== DIRECTIONS FOR THIS TASK ==
I would like every line of the records below that contains the word "slightly" copied.

== DATA FOR REVIEW ==
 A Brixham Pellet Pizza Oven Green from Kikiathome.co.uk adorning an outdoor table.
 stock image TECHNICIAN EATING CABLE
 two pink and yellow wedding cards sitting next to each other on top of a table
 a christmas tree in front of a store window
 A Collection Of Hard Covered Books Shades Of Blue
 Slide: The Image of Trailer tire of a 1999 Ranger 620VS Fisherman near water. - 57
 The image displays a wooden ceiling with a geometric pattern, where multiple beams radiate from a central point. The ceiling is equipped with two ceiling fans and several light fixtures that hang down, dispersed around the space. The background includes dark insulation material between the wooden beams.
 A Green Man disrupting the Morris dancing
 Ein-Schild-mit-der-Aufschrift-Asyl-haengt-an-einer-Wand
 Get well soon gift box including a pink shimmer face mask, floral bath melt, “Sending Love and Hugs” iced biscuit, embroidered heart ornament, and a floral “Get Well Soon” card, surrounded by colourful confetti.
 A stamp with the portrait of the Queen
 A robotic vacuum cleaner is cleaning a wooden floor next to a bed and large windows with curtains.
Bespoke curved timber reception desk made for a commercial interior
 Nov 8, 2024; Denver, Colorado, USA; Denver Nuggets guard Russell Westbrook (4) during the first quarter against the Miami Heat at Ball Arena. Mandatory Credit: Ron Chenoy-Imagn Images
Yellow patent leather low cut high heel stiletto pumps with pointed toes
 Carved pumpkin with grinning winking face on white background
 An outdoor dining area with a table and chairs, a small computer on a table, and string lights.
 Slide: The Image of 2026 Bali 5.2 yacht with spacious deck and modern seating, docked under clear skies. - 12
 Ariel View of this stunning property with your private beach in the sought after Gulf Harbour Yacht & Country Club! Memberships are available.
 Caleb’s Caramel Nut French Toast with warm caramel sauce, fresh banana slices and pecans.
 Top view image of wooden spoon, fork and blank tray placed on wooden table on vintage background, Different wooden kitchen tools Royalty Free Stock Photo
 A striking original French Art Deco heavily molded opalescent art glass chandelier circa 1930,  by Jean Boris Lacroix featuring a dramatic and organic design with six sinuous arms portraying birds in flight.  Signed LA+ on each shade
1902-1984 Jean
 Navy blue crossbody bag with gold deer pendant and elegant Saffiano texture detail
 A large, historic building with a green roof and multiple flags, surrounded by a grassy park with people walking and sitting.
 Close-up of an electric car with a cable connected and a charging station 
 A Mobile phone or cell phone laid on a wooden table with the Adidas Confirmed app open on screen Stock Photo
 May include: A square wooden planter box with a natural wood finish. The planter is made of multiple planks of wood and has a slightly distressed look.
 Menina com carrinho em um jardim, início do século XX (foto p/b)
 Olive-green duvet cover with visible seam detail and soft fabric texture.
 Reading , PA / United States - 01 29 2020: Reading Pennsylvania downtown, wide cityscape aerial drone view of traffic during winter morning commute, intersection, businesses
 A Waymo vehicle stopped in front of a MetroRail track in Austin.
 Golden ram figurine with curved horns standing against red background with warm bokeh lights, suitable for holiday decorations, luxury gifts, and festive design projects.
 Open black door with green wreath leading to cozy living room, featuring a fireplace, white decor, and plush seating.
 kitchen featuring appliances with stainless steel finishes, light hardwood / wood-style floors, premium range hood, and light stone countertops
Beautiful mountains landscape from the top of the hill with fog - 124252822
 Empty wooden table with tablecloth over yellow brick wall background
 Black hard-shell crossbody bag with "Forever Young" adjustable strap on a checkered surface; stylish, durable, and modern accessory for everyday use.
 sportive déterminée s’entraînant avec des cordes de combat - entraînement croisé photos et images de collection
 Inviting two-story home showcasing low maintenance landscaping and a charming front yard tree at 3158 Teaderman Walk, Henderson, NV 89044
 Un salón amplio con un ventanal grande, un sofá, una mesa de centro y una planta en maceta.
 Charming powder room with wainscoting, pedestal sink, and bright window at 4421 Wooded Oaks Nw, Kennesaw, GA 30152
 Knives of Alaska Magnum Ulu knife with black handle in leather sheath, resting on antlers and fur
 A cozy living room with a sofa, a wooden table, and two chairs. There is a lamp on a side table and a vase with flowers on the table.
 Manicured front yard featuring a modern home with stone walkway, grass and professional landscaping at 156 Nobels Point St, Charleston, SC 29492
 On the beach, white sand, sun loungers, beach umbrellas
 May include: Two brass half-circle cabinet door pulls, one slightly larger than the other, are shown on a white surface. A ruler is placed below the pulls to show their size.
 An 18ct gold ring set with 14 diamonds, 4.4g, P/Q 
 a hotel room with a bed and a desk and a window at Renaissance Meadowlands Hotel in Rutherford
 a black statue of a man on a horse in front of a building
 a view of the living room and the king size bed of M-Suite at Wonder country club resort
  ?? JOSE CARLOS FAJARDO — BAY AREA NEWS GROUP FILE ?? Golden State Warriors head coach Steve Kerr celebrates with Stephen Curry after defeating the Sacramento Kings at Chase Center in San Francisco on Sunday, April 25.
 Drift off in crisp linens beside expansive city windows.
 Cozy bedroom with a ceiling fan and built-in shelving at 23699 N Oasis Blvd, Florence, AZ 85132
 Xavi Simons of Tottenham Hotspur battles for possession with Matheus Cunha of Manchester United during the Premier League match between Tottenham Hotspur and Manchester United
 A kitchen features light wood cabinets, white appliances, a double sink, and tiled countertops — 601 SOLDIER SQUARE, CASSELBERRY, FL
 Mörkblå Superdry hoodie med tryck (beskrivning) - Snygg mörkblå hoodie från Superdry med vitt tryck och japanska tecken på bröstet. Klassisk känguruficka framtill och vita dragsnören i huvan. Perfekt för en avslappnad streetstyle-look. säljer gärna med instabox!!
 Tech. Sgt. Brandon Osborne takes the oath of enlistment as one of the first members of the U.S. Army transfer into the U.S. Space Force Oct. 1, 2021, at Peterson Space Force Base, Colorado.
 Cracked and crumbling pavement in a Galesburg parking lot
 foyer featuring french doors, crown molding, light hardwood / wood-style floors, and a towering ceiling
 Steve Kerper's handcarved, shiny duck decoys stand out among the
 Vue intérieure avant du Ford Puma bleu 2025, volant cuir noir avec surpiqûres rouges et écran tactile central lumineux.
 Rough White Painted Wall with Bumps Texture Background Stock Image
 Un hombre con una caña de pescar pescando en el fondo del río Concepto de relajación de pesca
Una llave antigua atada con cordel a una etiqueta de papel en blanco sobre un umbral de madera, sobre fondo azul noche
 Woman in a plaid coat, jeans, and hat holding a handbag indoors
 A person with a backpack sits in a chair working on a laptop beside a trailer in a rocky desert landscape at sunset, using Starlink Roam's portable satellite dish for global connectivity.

== ANSWER BOX ==
 May include: A square wooden planter box with a natural wood finish. The planter is made of multiple planks of wood and has a slightly distressed look.
 May include: Two brass half-circle cabinet door pulls, one slightly larger than the other, are shown on a white surface. A ruler is placed below the pulls to show their size.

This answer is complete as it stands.